(Source records)
-- Opening Marker --

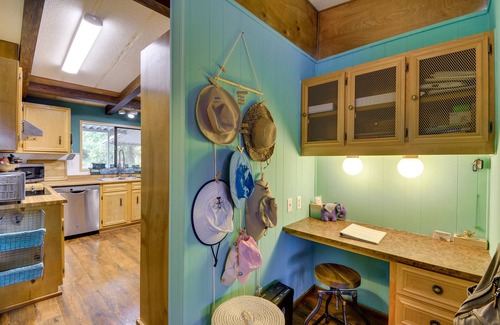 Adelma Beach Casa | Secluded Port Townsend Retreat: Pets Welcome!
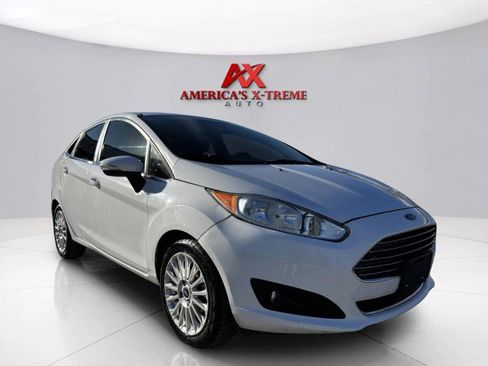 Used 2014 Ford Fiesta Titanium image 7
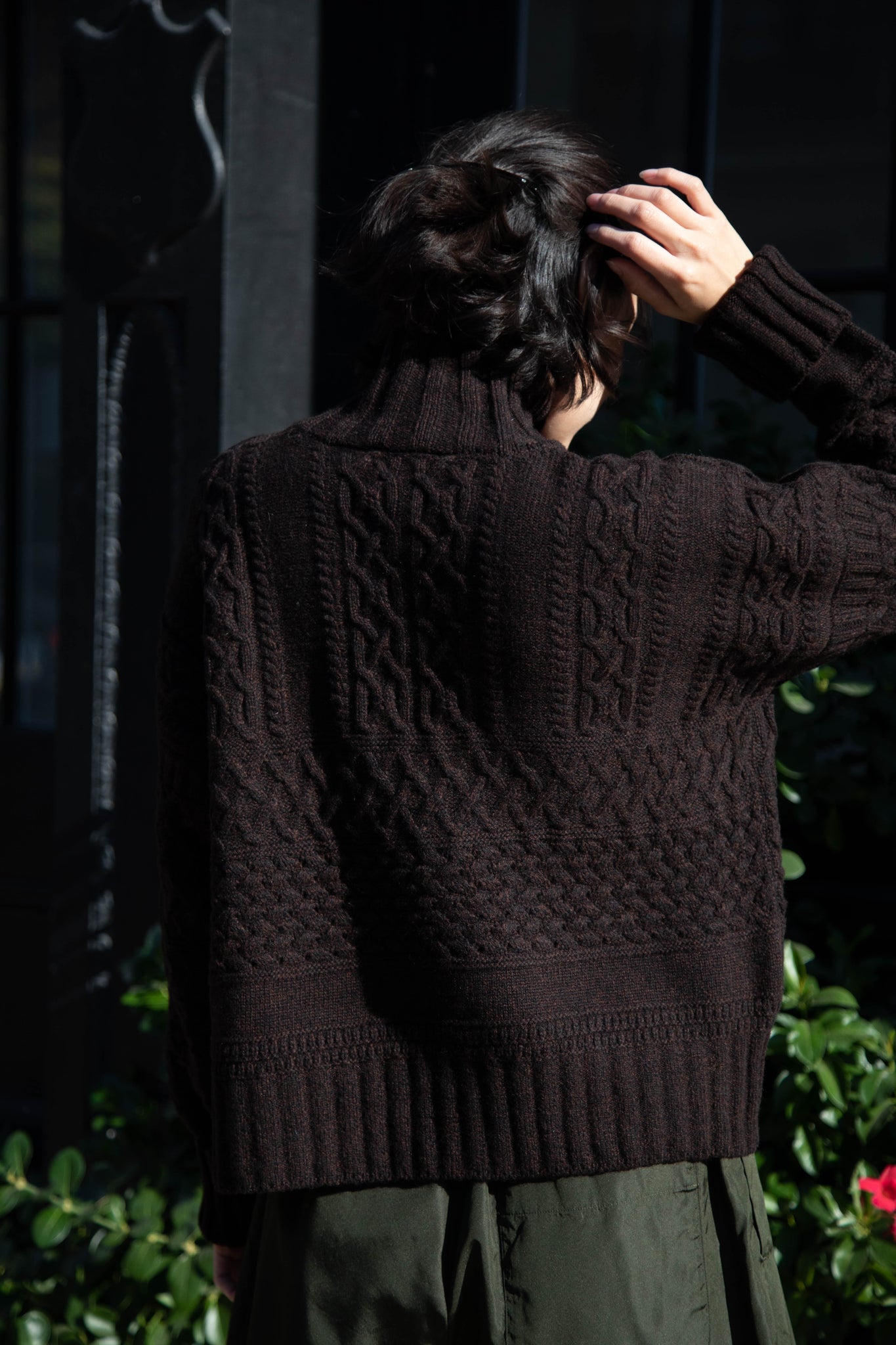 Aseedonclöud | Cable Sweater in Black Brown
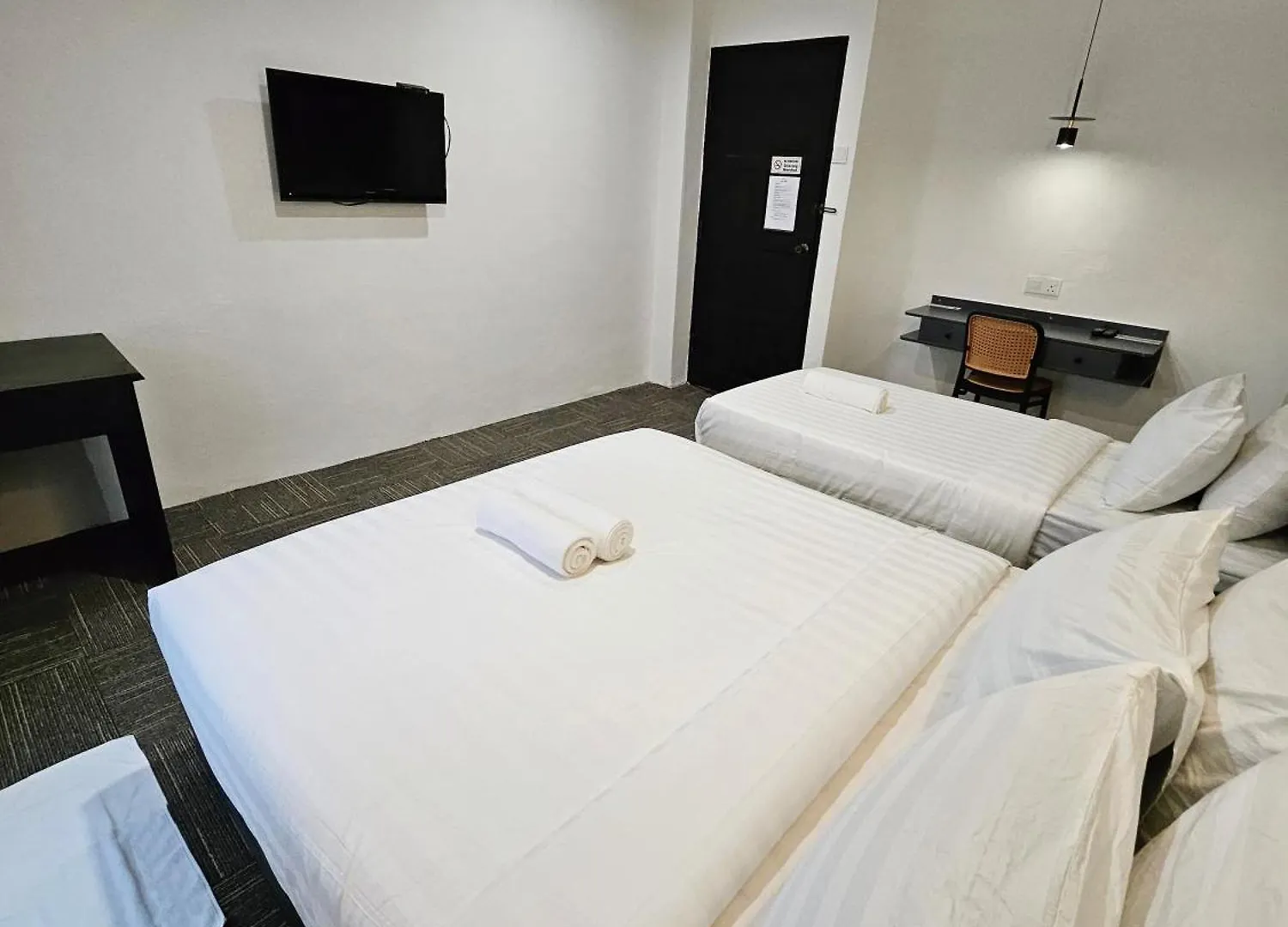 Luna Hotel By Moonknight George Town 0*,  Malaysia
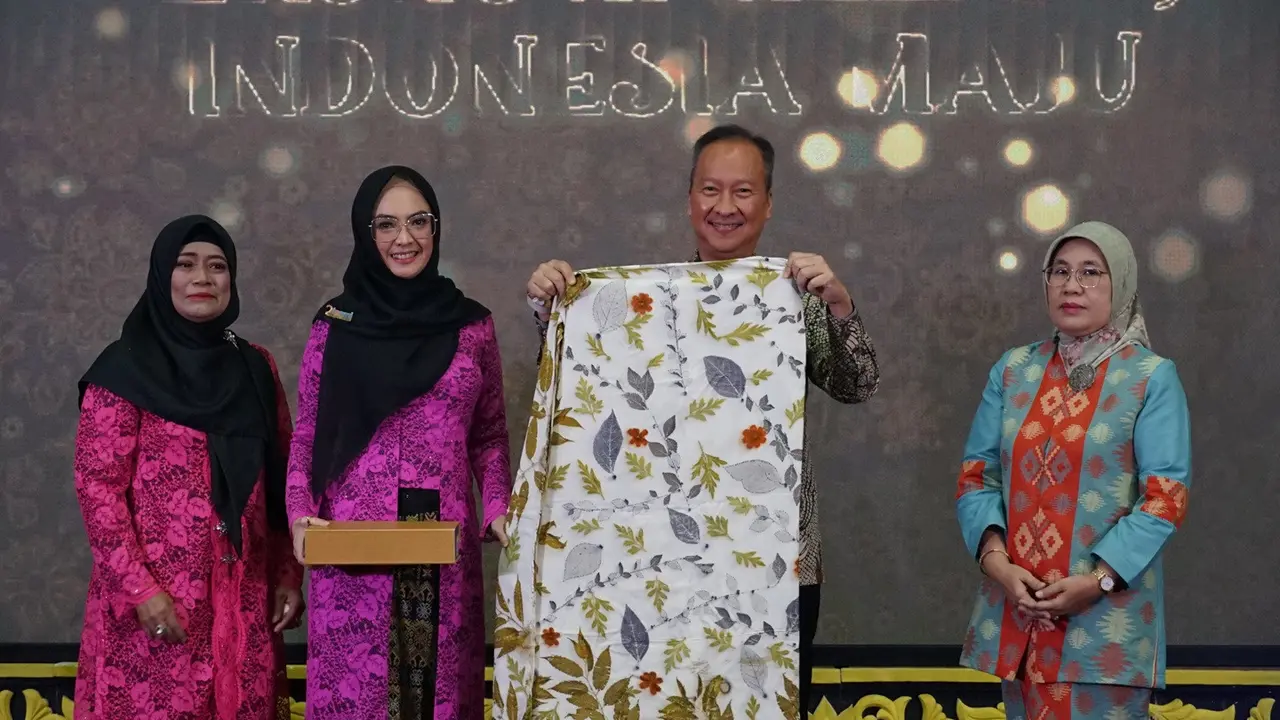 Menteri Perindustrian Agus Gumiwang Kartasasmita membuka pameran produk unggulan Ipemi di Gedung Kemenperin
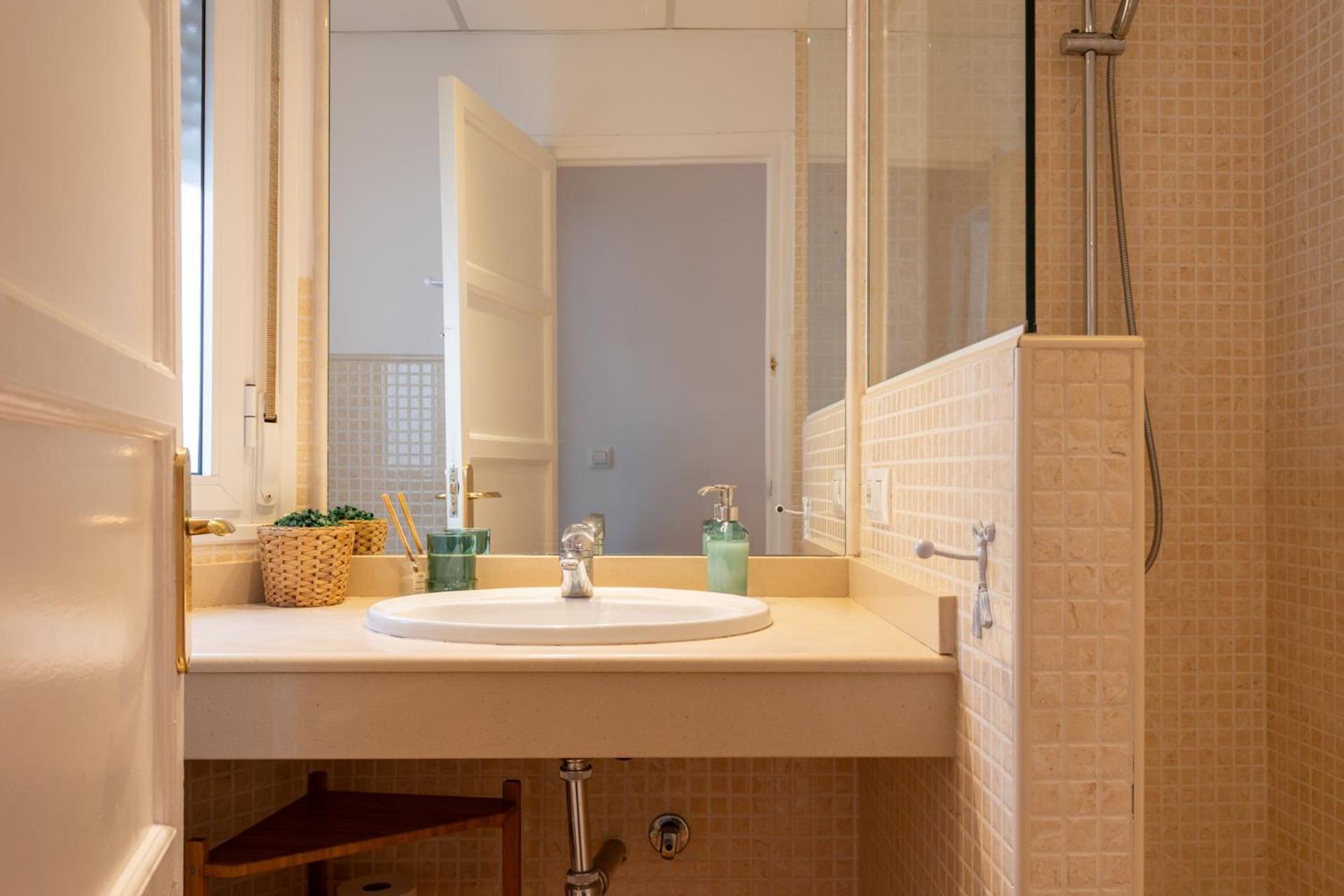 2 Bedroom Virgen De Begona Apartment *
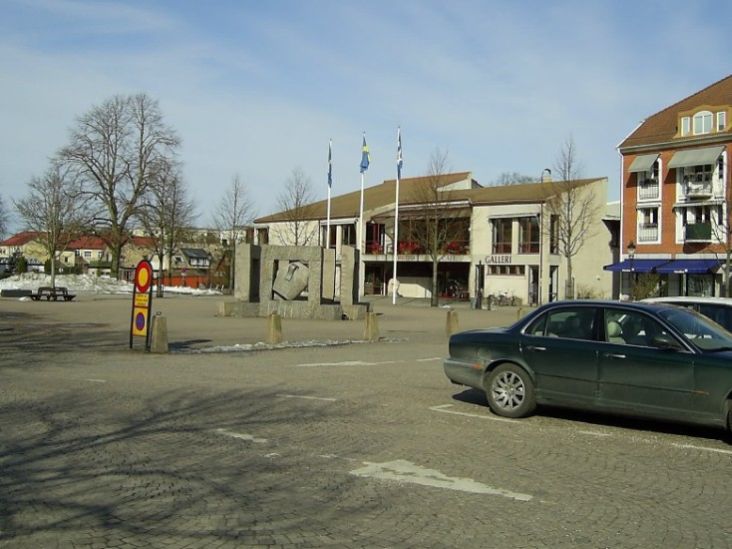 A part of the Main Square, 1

-- Closing Marker --

### WORK TO COMPLETE
With images excluded, write the records above out again exactly.

### THE ANSWER
 Adelma Beach Casa | Secluded Port Townsend Retreat: Pets Welcome!
 Used 2014 Ford Fiesta Titanium image 7
 Aseedonclöud | Cable Sweater in Black Brown
 Luna Hotel By Moonknight George Town 0*,  Malaysia
 Menteri Perindustrian Agus Gumiwang Kartasasmita membuka pameran produk unggulan Ipemi di Gedung Kemenperin
 2 Bedroom Virgen De Begona Apartment *
 A part of the Main Square, 1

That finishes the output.